Where imaging is unclear or a high clinical suspicion exists for malignancy, tissue biopsy is critical in an MDT setting.^6,7 Delays in obtaining tissue diagnosis, often due to perceived vascularity or fear of bleeding, can delay timely oncological diagnosis and treatment. Therefore, efficient MDT working across a range of specialities is important in complex or indeterminate cases and permits flexible approaches to ensure responsiveness and holistic care.

The role of advanced imaging modalities such as MRI and PET-CT is increasingly important when lesions exhibit atypical characteristics. PET imaging is particularly valuable in the assessment of marginal zone lymphoma and has been shown to correlate with disease burden and staging, especially in relapsed or extranodal presentations.^10,11 This should be considered early in patient pathways where there is a history of adulthood haematological malignancy.

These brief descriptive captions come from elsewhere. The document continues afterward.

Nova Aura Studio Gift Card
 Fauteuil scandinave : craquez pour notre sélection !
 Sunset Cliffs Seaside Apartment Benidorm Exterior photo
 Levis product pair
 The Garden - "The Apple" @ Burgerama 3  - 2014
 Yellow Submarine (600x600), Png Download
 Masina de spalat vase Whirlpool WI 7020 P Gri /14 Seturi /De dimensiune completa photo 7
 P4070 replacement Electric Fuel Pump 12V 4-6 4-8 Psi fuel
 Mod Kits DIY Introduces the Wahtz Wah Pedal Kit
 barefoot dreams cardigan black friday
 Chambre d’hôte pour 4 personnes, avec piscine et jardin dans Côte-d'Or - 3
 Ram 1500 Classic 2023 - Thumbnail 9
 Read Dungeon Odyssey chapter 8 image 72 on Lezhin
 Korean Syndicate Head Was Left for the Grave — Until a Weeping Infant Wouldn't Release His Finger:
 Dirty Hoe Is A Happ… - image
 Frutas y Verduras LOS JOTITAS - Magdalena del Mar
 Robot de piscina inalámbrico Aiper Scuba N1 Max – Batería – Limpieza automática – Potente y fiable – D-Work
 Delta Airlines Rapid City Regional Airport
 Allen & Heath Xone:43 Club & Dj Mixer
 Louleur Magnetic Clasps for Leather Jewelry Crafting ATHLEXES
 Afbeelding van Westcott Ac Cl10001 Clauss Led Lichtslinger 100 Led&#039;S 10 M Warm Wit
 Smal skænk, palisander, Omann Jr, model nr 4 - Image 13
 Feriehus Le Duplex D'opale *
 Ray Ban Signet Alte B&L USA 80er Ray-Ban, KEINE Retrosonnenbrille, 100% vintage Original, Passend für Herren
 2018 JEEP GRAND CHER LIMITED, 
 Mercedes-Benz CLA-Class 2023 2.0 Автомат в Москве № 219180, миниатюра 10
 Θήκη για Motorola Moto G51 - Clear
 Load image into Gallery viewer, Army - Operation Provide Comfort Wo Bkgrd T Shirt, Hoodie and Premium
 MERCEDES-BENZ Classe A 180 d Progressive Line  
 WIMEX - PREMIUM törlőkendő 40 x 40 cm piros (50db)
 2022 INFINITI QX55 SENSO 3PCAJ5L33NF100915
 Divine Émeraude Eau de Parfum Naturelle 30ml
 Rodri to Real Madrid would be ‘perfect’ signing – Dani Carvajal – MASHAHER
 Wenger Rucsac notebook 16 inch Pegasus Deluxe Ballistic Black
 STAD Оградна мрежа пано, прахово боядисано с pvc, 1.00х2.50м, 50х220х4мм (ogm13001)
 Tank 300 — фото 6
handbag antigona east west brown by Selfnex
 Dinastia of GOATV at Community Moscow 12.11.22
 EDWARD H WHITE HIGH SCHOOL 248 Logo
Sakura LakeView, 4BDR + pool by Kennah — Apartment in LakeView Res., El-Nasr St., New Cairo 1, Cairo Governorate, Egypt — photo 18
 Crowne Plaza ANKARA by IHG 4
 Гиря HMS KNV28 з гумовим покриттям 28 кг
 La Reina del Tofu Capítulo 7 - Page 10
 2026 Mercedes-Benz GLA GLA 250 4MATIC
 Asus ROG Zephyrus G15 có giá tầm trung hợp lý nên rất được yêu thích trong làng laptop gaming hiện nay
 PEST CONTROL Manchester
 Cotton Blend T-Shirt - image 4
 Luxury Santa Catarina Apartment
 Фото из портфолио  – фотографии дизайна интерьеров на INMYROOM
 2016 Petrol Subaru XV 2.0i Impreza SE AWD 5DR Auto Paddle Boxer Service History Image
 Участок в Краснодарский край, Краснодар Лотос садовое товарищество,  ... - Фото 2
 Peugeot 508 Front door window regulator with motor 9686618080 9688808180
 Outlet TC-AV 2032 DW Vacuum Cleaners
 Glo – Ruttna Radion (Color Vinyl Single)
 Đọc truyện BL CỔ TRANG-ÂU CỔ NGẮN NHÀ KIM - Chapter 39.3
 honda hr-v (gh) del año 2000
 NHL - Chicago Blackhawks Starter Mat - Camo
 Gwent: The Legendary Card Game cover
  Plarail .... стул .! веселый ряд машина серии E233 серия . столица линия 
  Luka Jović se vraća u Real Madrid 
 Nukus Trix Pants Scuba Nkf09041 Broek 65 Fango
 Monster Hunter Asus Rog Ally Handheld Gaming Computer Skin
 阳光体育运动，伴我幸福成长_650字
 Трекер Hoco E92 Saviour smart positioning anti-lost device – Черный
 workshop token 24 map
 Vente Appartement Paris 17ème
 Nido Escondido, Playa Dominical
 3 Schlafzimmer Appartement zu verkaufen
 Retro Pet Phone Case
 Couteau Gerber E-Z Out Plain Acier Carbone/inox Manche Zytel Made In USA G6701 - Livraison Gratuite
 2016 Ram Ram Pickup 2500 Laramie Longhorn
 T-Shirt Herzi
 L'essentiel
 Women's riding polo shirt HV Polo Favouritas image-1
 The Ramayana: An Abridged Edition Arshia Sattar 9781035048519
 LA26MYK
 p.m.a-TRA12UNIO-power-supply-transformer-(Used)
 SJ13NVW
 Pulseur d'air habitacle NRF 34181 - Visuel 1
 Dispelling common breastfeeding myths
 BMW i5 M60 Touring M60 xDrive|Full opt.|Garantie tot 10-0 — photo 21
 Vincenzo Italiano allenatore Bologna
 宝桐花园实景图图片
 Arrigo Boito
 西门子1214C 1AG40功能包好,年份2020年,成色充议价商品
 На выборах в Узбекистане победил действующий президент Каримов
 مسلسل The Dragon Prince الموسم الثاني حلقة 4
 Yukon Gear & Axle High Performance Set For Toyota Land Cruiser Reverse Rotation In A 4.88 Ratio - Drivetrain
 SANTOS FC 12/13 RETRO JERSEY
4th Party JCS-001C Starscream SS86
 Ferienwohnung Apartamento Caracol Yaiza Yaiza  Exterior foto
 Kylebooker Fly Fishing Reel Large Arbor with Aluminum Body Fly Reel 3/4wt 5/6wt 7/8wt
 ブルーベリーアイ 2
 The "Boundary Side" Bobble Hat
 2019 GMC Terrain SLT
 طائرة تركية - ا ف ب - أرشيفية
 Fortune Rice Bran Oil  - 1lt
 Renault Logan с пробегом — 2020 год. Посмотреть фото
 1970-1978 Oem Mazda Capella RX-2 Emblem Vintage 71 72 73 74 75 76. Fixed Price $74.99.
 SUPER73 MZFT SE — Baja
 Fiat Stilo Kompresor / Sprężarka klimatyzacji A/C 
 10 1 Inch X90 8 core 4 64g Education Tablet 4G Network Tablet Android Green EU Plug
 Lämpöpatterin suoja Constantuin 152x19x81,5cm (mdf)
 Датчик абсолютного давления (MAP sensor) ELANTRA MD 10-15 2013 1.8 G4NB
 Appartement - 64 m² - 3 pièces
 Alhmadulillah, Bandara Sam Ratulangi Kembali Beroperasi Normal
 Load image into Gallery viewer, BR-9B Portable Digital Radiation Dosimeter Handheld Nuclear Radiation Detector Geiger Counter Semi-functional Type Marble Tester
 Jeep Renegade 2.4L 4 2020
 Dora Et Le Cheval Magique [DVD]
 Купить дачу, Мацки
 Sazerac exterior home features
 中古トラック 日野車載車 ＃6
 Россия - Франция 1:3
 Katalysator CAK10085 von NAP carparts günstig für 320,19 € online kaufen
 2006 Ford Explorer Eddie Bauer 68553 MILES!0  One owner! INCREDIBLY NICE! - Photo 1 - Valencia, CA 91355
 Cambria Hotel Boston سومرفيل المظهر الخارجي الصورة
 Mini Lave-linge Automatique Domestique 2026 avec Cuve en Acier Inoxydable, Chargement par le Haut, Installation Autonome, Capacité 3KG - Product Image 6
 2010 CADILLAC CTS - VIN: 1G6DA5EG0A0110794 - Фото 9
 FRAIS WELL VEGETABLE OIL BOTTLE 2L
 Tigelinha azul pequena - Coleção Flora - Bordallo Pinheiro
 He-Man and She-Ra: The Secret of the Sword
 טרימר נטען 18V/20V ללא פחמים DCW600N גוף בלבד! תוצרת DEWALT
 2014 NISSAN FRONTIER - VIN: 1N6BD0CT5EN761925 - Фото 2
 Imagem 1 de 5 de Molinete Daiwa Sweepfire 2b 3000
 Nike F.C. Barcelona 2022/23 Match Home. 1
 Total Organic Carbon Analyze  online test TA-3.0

Classification of true vascular anomalies should be guided by international recommendations into vascular tumours (benign, borderline and malignant) and vascular malformations (fast or slow flow), which provide valuable information and inform decisions regarding further imaging and treatment.^12,13

 

Conclusion

A thorough history and clinical examination remain the critical first step of ‘possible AVM’ assessment, supported by protocolised ultrasound examination and reporting. Atypical features should raise suspicions of underlying malignancies. In such cases, clinicians should have a low threshold for histological evaluation with complementary cross-sectional imaging, as part of a robust MDT, in order to reduce misdiagnosis and treatment delay.